Here is the reworked rsync transfer script. Trying a dry-run now.

#!/bin/bash

DOMAIN='eqiad.wmnet'
SOURCES=('aqs1004' 'aqs1007')
DESTINATIONS=('aqs1011' 'aqs1010')
INSTANCES=('a' 'b')
INCLUDES=$(cat <<-END
	local_group_default_T_editors_bycountry
	local_group_default_T_editors_bycountry/data-*
	local_group_default_T_editors_bycountry/data-*/snapshots
	local_group_default_T_editors_bycountry/data-*/snapshots/T291469/***
	local_group_default_T_lgc_pagecounts_per_project
	local_group_default_T_lgc_pagecounts_per_project/data-*
	local_group_default_T_lgc_pagecounts_per_project/data-*/snapshots
	local_group_default_T_lgc_pagecounts_per_project/data-*/snapshots/T291469/***
	local_group_default_T_mediarequest_per_referer
	local_group_default_T_mediarequest_per_referer/data-*
	local_group_default_T_mediarequest_per_referer/data-*/snapshots
	local_group_default_T_mediarequest_per_referer/data-*/snapshots/T291469/***
	local_group_default_T_mediarequest_top_files
	local_group_default_T_mediarequest_top_files/data-*
	local_group_default_T_mediarequest_top_files/data-*/snapshots
	local_group_default_T_mediarequest_top_files/data-*/snapshots/T291469/***
	local_group_default_T_pageviews_per_project_v2
	local_group_default_T_pageviews_per_project_v2/data-*
	local_group_default_T_pageviews_per_project_v2/data-*/snapshots
	local_group_default_T_pageviews_per_project_v2/data-*/snapshots/T291469/***
	local_group_default_T_top_bycountry
	local_group_default_T_top_bycountry/data-*
	local_group_default_T_top_bycountry/data-*/snapshots
	local_group_default_T_top_bycountry/data-*/snapshots/T291469/***
	local_group_default_T_top_pageviews
	local_group_default_T_top_pageviews/data-*
	local_group_default_T_top_pageviews/data-*/snapshots
	local_group_default_T_top_pageviews/data-*/snapshots/T291469/***
	local_group_default_T_top_percountry
	local_group_default_T_top_percountry/data-*
	local_group_default_T_top_percountry/data-*/snapshots
	local_group_default_T_top_percountry/data-*/snapshots/T291469/***
	local_group_default_T_unique_devices
	local_group_default_T_unique_devices/data-*
	local_group_default_T_unique_devices/data-*/snapshots
	local_group_default_T_unique_devices/data-*/snapshots/T291469/***
END
)
RSYNC=/usr/bin/rsync
RSYNCOPTIONS='-av'
EXCLUDES='--exclude "*"'

for i in $INCLUDES
do
  RSYNCINCLUDES+="--include $i "
done

for i in $(seq 0 1)
do
  for INSTANCE in "${INSTANCES[@]}"
  do
    echo ''
    echo "### Transferring ${SOURCES[$i]}.$DOMAIN instance $INSTANCE to ${DESTINATIONS[$i]}.$DOMAIN"
    sudo cumin --force "${SOURCES[$i]}.$DOMAIN" "$RSYNC $RSYNCOPTIONS $RSYNCINCLUDES $EXCLUDES /srv/cassandra-${INSTANCE}/data/ ${DESTINATIONS[$i]}.$DOMAIN::transfer_cassandra_${INSTANCE}_tmp"
  done
done

I have emptied the destination directories on aqs1010 and aqs1011. This cumin command shows that there are no files present.

btullis@cumin1001:~$ sudo cumin --mode async 'aqs101[0,1].eqiad.wmnet' 'tree /srv/cassandra-a/tmp' 'tree /srv/cassandra-b/tmp'
2 hosts will be targeted:
aqs[1010-1011].eqiad.wmnet
Ok to proceed on 2 hosts?
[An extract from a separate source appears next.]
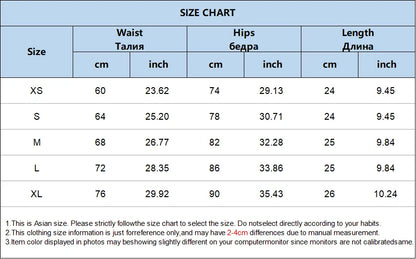 Sexy Low Rise Denim Super Shorts Women's Summer Elastic Slim Skinny Rivet Vintage Blue Short Jeans Y2k Versatile Pants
Enter the number of affected hosts to confirm or "q" to quit 2
===== NODE GROUP =====                                                                                                                                                                                             
(2) aqs[1010-1011].eqiad.wmnet                                                                                                                                                                                     
----- OUTPUT -----                                                                                                                                                                                                 
/srv/cassandra-b/tmp                                                                                                                                                                                               
                                                                                                                                                                                                                   
0 directories, 0 files
===== NODE GROUP =====                                                                                                                                                                                             
(2) aqs[1010-1011].eqiad.wmnet                                                                                                                                                                                     
----- OUTPUT -----                                                                                                                                                                                                 
/srv/cassandra-a/tmp                                                                                                                                                                                               
                                                                                                                                                                                                                   
0 directories, 0 files
================                                                                                                                                                                                                   
PASS |███████████████████████████████████████████████████████████████████████████████████████████████████████████████████████████████████████████████████████████| 100% (2/2) [00:00<00:00,  2.09hosts/s]          
FAIL |                                                                                                                                                                   |   0% (0/2) [00:00<?, ?hosts/s]
100.0% (2/2) success ratio (>= 100.0% threshold) of nodes successfully executed all commands.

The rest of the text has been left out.